• What needs to be done: Retype the data that follows line by line, exactly, and leave its pictures out.

• Given material:
%%

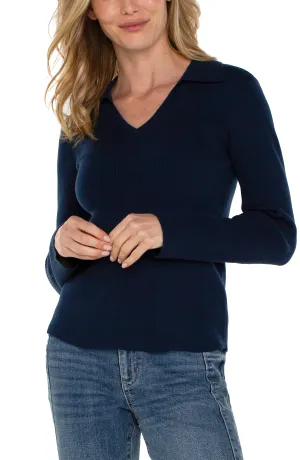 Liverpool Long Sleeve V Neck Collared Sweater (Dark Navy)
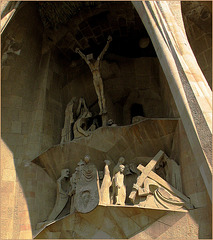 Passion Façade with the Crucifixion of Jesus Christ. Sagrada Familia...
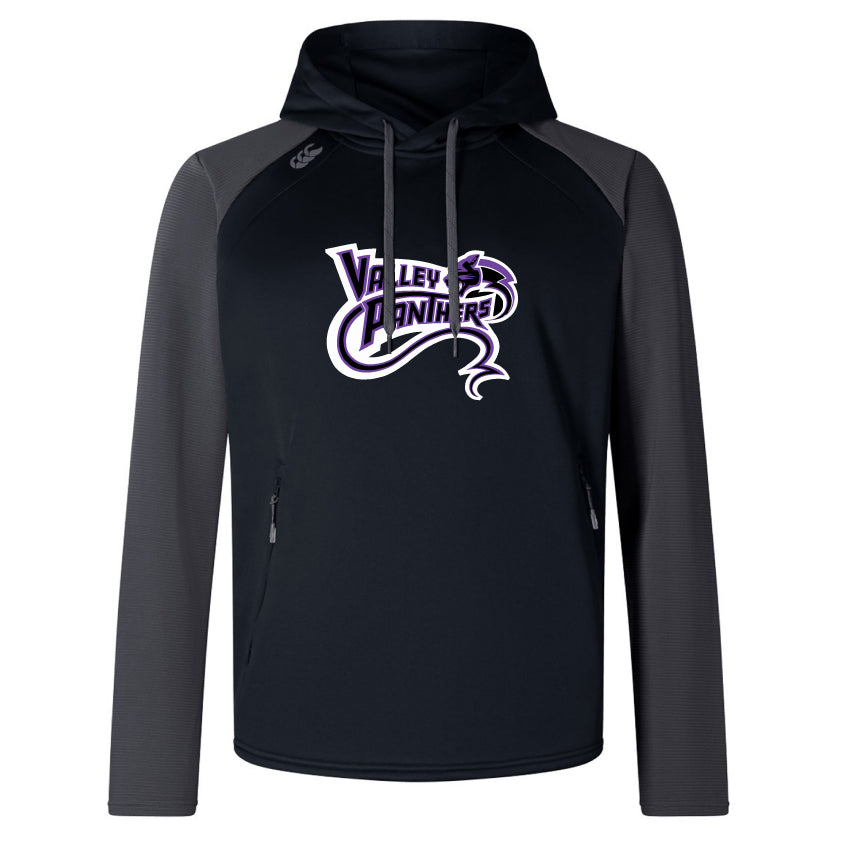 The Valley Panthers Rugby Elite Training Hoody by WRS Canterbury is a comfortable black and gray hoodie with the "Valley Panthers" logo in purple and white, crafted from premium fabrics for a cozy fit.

%%

• Completed exercise:
 Liverpool Long Sleeve V Neck Collared Sweater (Dark Navy)
 Passion Façade with the Crucifixion of Jesus Christ. Sagrada Familia...
 The Valley Panthers Rugby Elite Training Hoody by WRS Canterbury is a comfortable black and gray hoodie with the "Valley Panthers" logo in purple and white, crafted from premium fabrics for a cozy fit.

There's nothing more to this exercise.